| Dataset records |
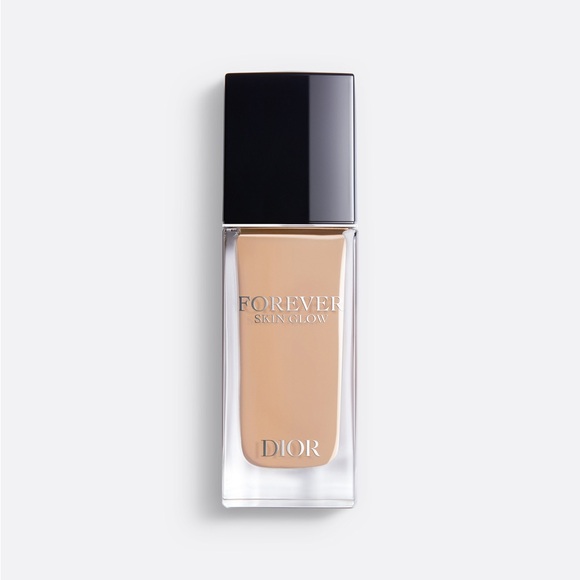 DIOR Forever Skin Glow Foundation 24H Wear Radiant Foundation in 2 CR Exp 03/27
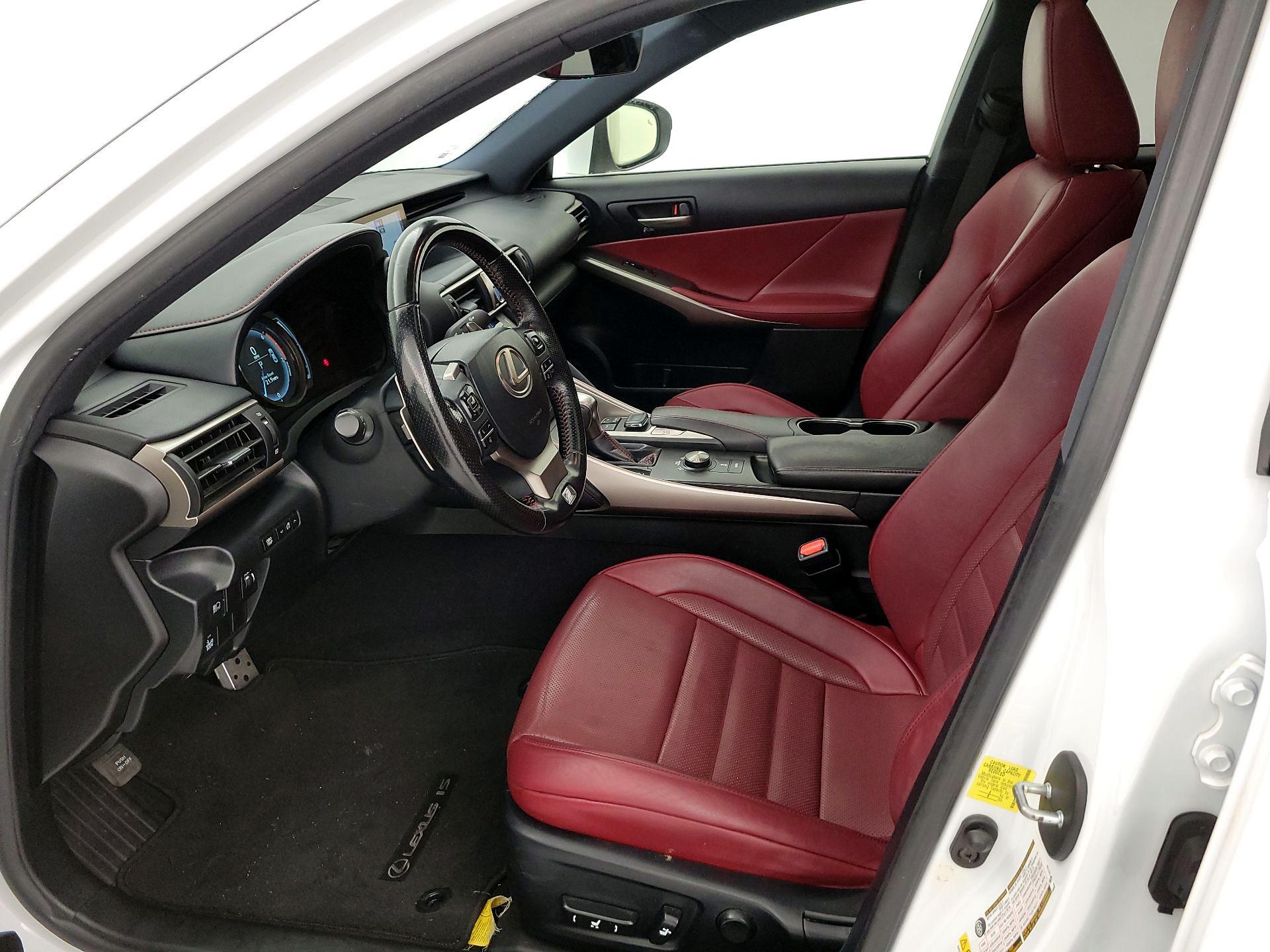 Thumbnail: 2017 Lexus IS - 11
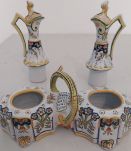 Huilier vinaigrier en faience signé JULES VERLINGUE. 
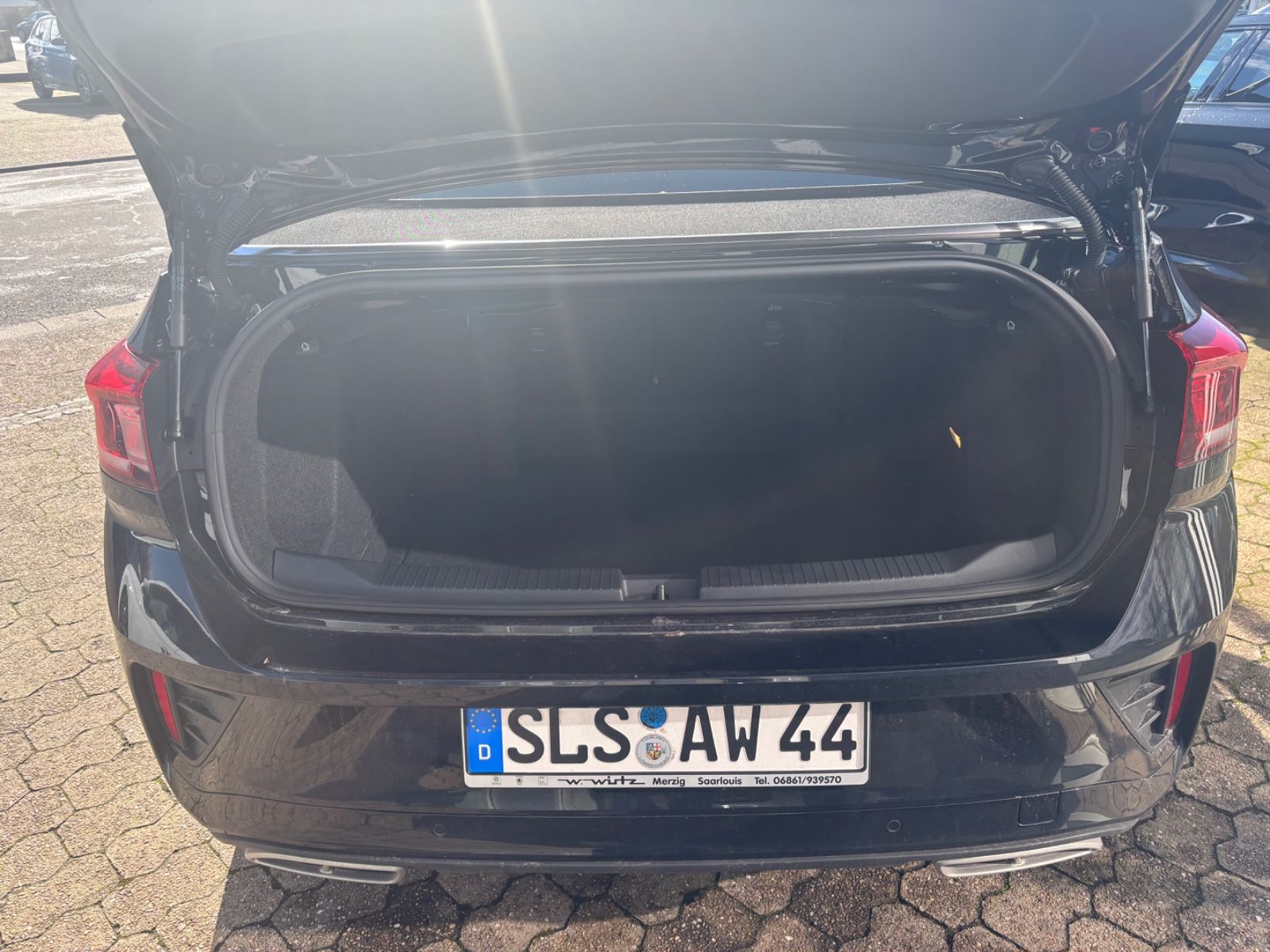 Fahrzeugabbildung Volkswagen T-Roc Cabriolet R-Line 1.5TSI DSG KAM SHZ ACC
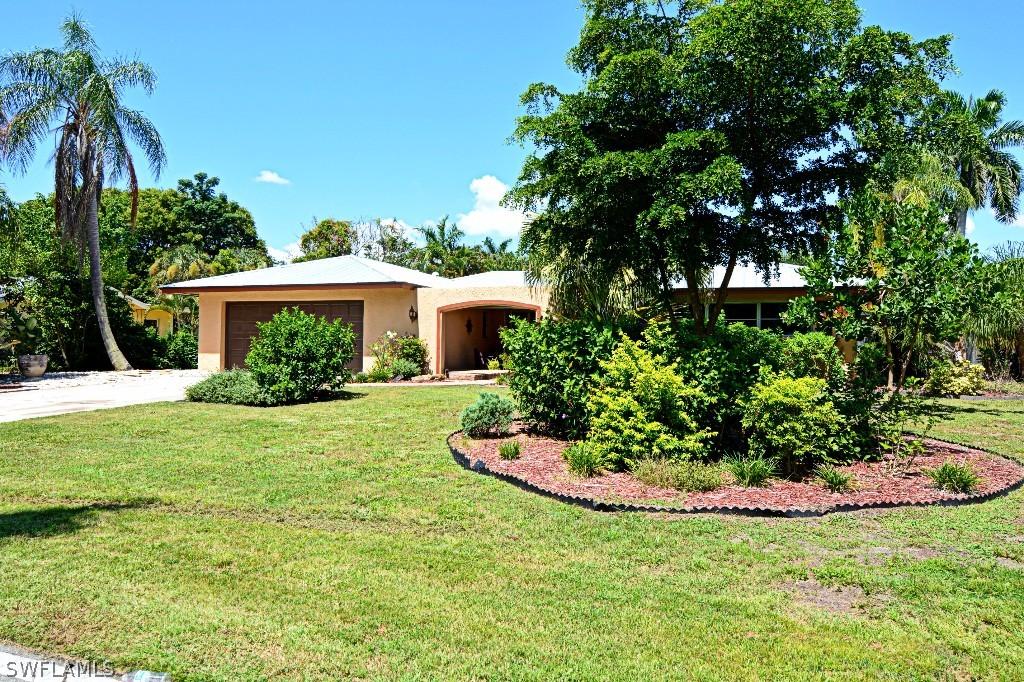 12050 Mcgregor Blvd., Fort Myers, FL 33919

| What you have to do |
Please write out, word for word, only the lines from the one holding "Thumbnail: 2017 Lexus IS - 11" through the end of the records above, with both end lines included and the pictures dropped.

| Expected answer |
 Thumbnail: 2017 Lexus IS - 11
 Huilier vinaigrier en faience signé JULES VERLINGUE. 
 Fahrzeugabbildung Volkswagen T-Roc Cabriolet R-Line 1.5TSI DSG KAM SHZ ACC
 12050 Mcgregor Blvd., Fort Myers, FL 33919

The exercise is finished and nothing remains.